The 2014 film Ex Machina traces these philosophical boundaries, its story following an intelligent machine that faces abuse at the hands of a creator who deems it, despite what clues might otherwise point to, wholly inhuman.7 In Ex Machina, we see a struggle spin outwards from a central point of knowledge: qualities which would have at one point fallen solely within what might be described as the prescriptive domain of the human Form have begun to fall outside of that domain. When we are presented, through the film, with a robot that demonstrably moves like a human, looks like a human, exhibits the consciousness of a human, and in the very abstract sense feels like a human, we are left to wonder what exactly defines us in a world that holds such possibilities. Here, we begin to see some overlapping space in the Venn diagram of shared attributes among our particulars, and we are left to speculate about the nature of our Form.
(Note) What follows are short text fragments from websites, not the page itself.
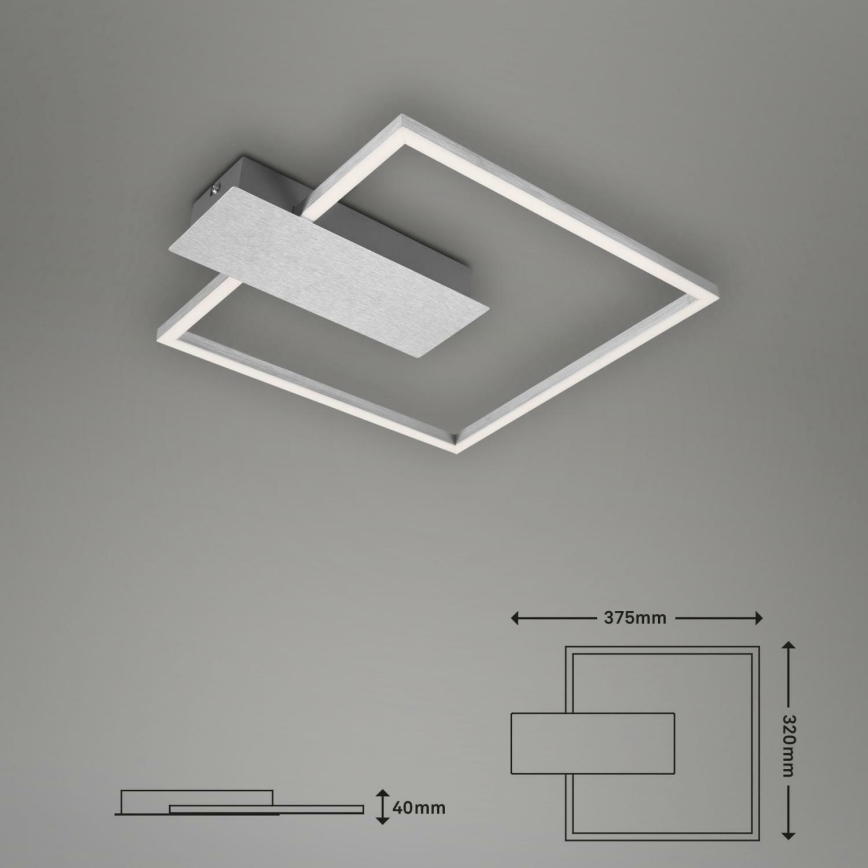 Briloner 3544-018 - LED Stmievateľné stropné svietidlo NICO LED/12W/230V matný chróm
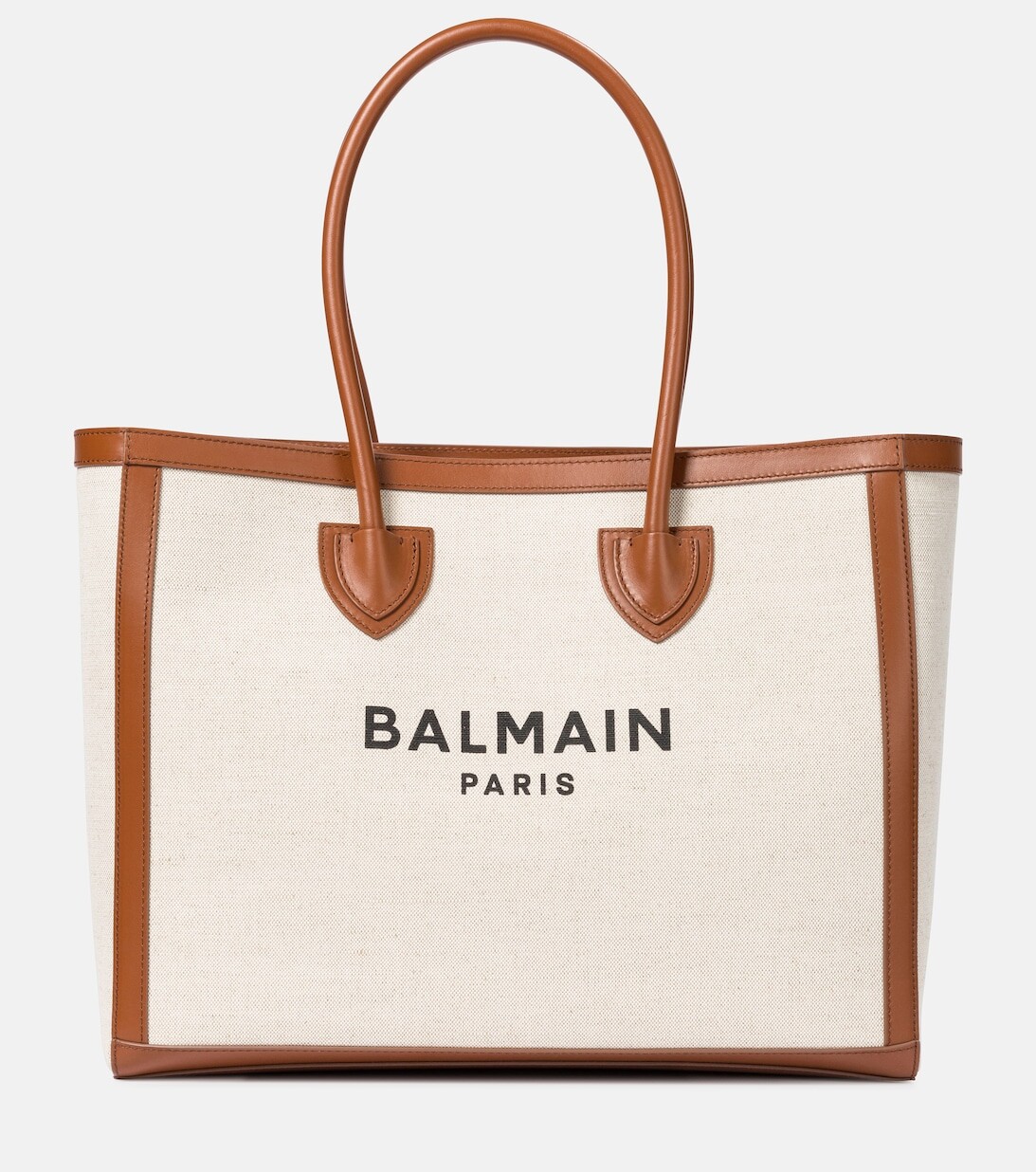 

Холщовая сумка-шопер B-Army 42 Balmain, бежевый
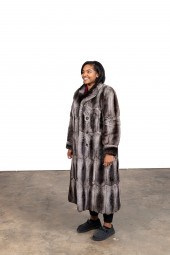 LADIES' FULL LENGTH GRAY CHINC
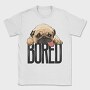 Pug Bored Tongue Out, Tricou Barbati (Unisex)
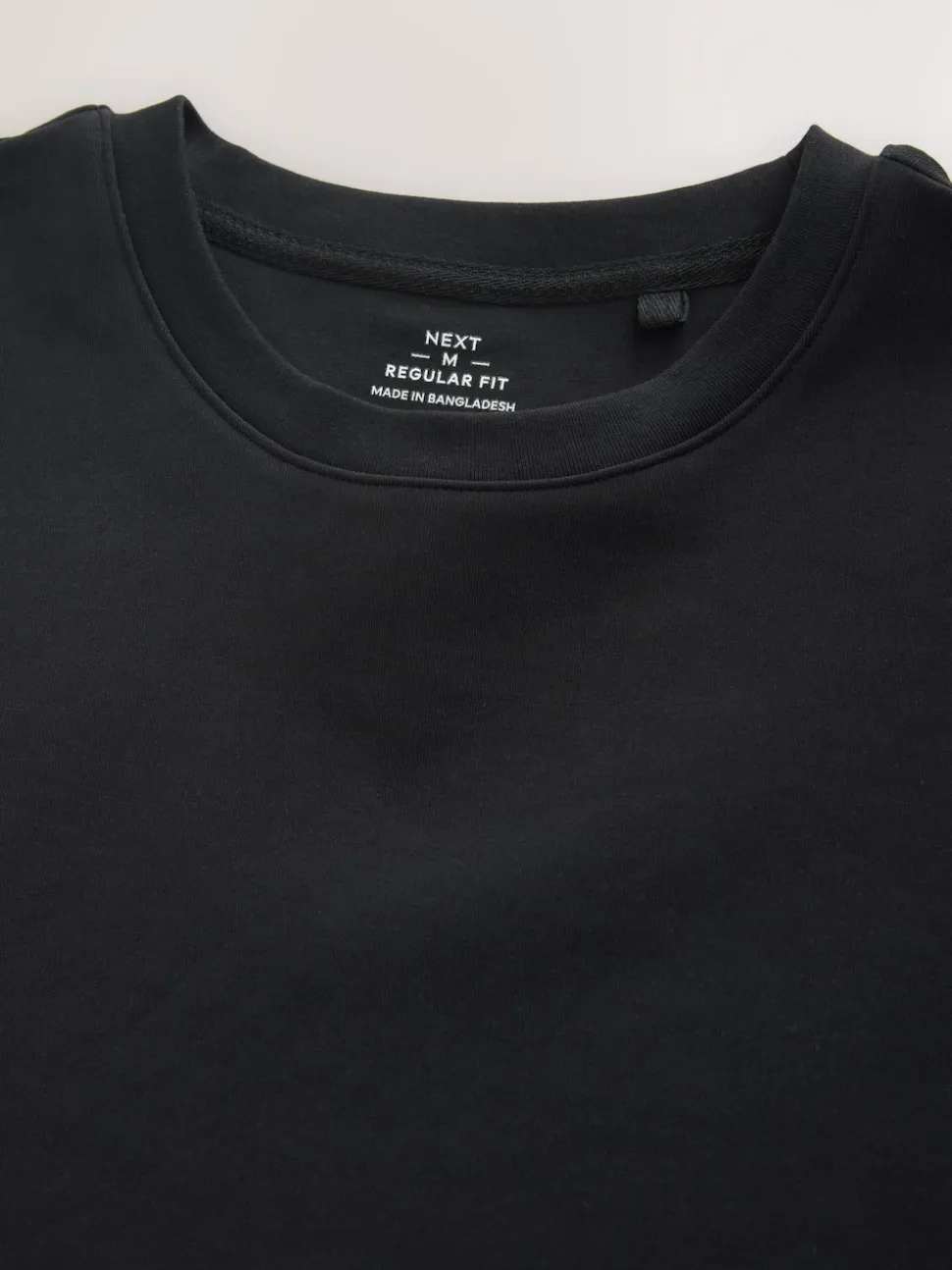 Black Regular Fit Smart Soft Touch Heavyweight T-Shirt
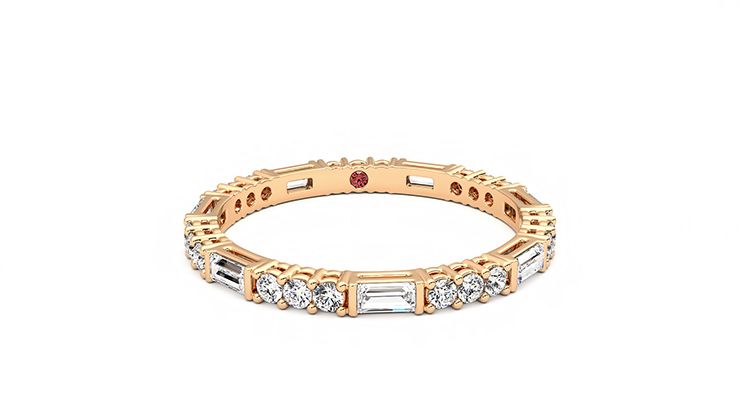 Taylor & Hart Orchid Wedding Ring 360 degree image 2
Approaching this from a strictly empirical perspective, we know that robots are not human beings, despite the level of advanced artificial intelligence they might one day possess. Simply put, we are constructed in different ways, composed of different materials – we are much fleshier, and they are a lot more durable. That being said, in approaching Ex Machina, we need to ask ourselves if that strictly empirical perspective is all that matters or whether we might want to humor a less-positivistic approach. Suppose we allow ourselves to see the film through the metaphysical lens encouraged by dialectic inquiry. In such a case, we can begin to ask ourselves whether we might just be a mere particular of the abstract Form of intelligence – and whether a smart enough robot might be able to say the same.
Notes
- Adorno, Theodor. “Lecture 1: 8 May 1958.” In Adorno: An Introduction to Dialectics, edited by Christoph Ziermann. Polity Press, 2017.
- Feigl, H.. “positivism.” Encyclopedia Britannica, December 26, 2022. https://www.britannica.com/topic/positivism.
- Adorno, Theodor. “Lecture 1: 8 May 1958.” In Adorno: An Introduction to Dialectics, edited by Christoph Ziermann. Polity Press, 2017.
- Ibid.
- Silverman, Allan. “Plato’s Middle Period Metaphysics and Epistemology.” In The Stanford Encyclopedia of Philosophy, edited by Edward N. Zalta and Uri Nodelman, Fall 2022. Metaphysics Research Lab, Stanford University, 2022. https://plato.stanford.edu/archives/fall2022/entries/plato-metaphysics/.
- Ibid.
- Ex Machina. Drama, Sci-Fi, Thriller. A24, Universal Pictures, Film4, 2015.